Anaphylaxis is life-threatening. Nevertheless, less than 20% receive the only adequate therapy: epinephrine. Therefore, if in doubt, act correctly and inject epinephrine immediately intramuscularly by auto-injector!
Dinner at acquaintances, the children drink cold milk. Suddenly, a 16-year-old boy feels sick, vomits, can’t breathe, and collapses….
Anaphylaxis is a medical emergency that usually occurs unexpectedly and yet must be recognized and treated quickly. It is the most severe and threatening hypersensitivity reaction that affects the entire body and can lead to anaphylactic shock. After contact with the triggering substance, e.g. milk, an acute systemic reaction occurs suddenly and unexpectedly in several organ systems: a life-threatening condition. In some sensitized individuals, tiny amounts of an allergen are enough to cause anaphylaxis, but not all people with allergies have an anaphylactic reaction [1,2].
Pathogenesis
The pathomechanism is immunologically mediated via IgE antibodies. During this process, vasoactive substances are released from mast cells and basophils. Vasodilation, smooth muscle contraction, and complement activation are the consequences that explain the symptoms in the affected organ systems. Rarely, non-IgE-dependent immune mechanisms trigger anaphylaxis. This is called a pseudoallergic reaction but shows comparable clinical symptoms [1].
Augmentation factors
Augmentation factors play a lesser role in childhood. This changes with increasing age, showing an increasing correlation in adolescents and adults.
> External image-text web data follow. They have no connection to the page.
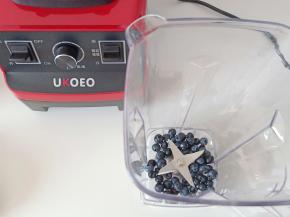 根据个人的口味添加蓝莓的量。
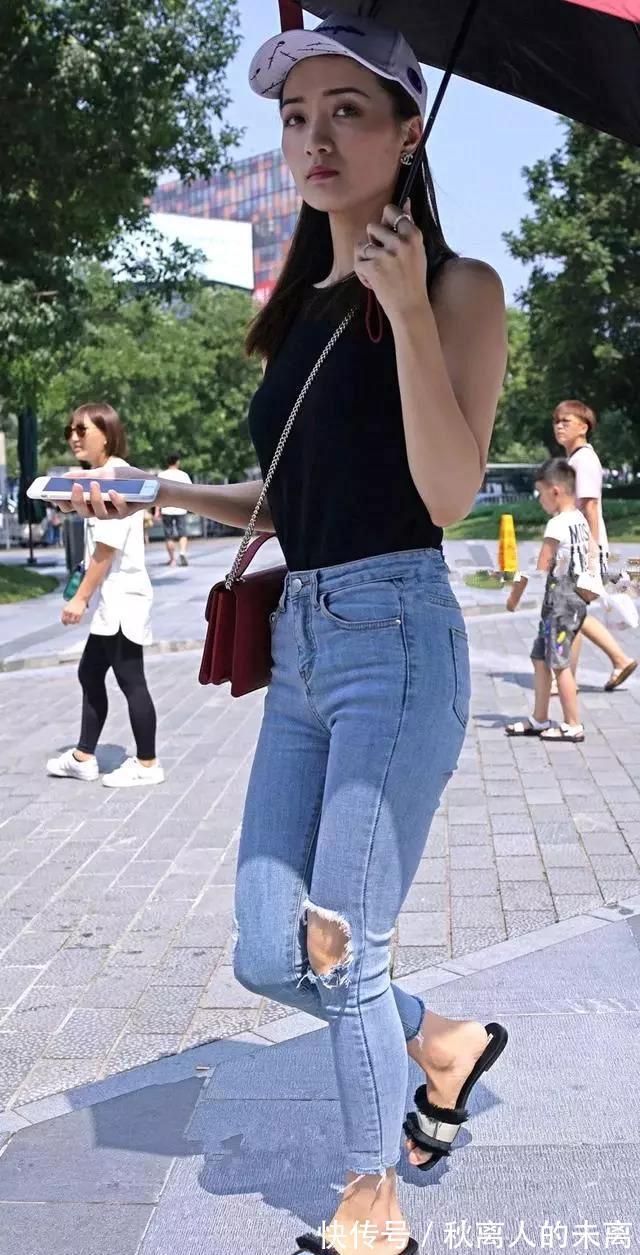 紧身 紧身的设计勾勒出小姐姐迷人的身材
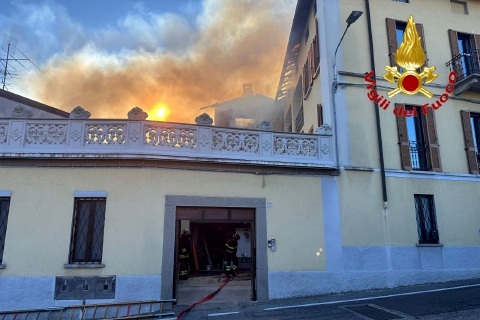Incendio a Cuasso, fiamme e paura
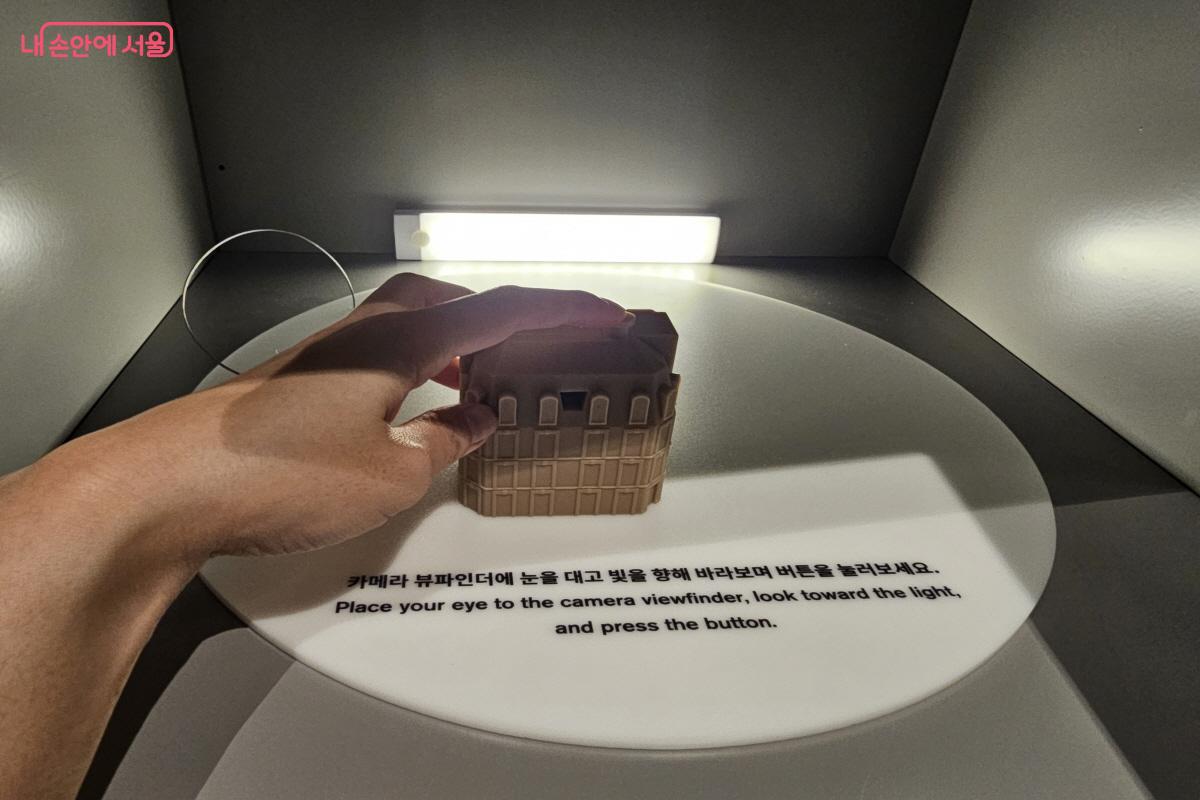 무심코 지나갔을 사진 프로젝트를 발견하는 즐거움이 있었고 발상과 아이디어에 감탄이 나왔다. ⓒ염지연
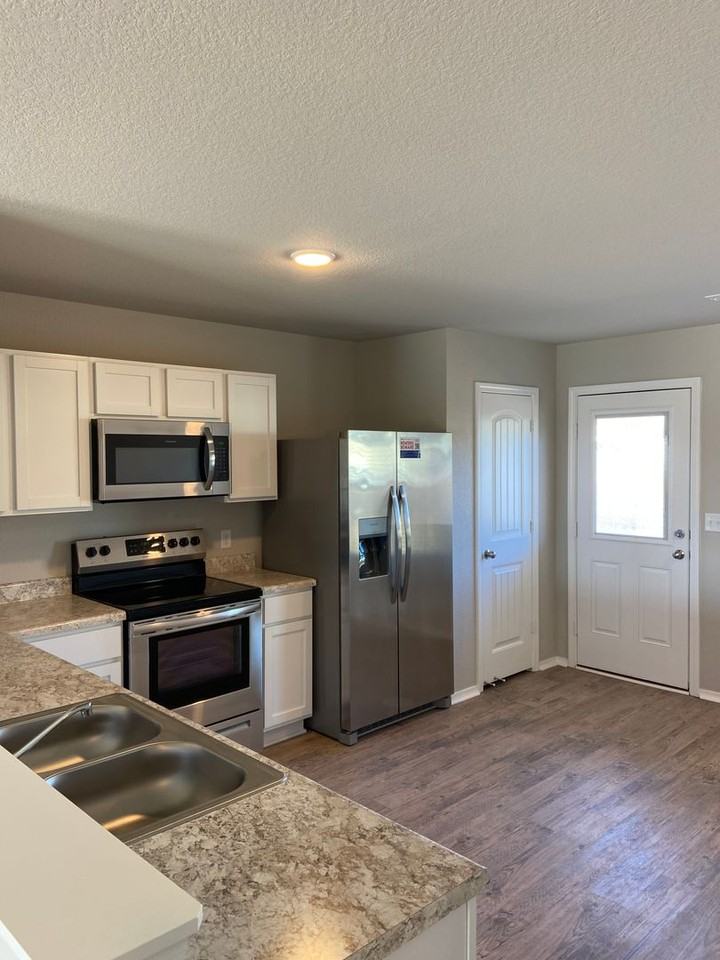 1750 Ryder St - Photo 6 of 20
The response threshold is lowered during physical exertion, emotional stress, acute infections, use of painkillers (NSAID), menstruation and alcohol consumption [1–5]. Risk factors for severe anaphylactic reactions include existing and especially inadequately treated bronchial asthma, a history of anaphylaxis, marked atopic dermatitis, and mastocytosis [1–5].
Warning signs and symptoms
Subjective symptoms and warning signs of anaphylaxis may include: Sensations in the mouth and throat such as itching, tingling and burning, scratching in the throat with coughing, clearing the throat or grunting, itching on the hands, feet, behind the ears or in the genital area, nausea, headache as well as abdominal pain, anxious restlessness, dizziness, weakness and sometimes sweating. Preschoolers who are poor at reporting their symptoms are notable for general restlessness, malaise, withdrawal behavior, and denial or aggression.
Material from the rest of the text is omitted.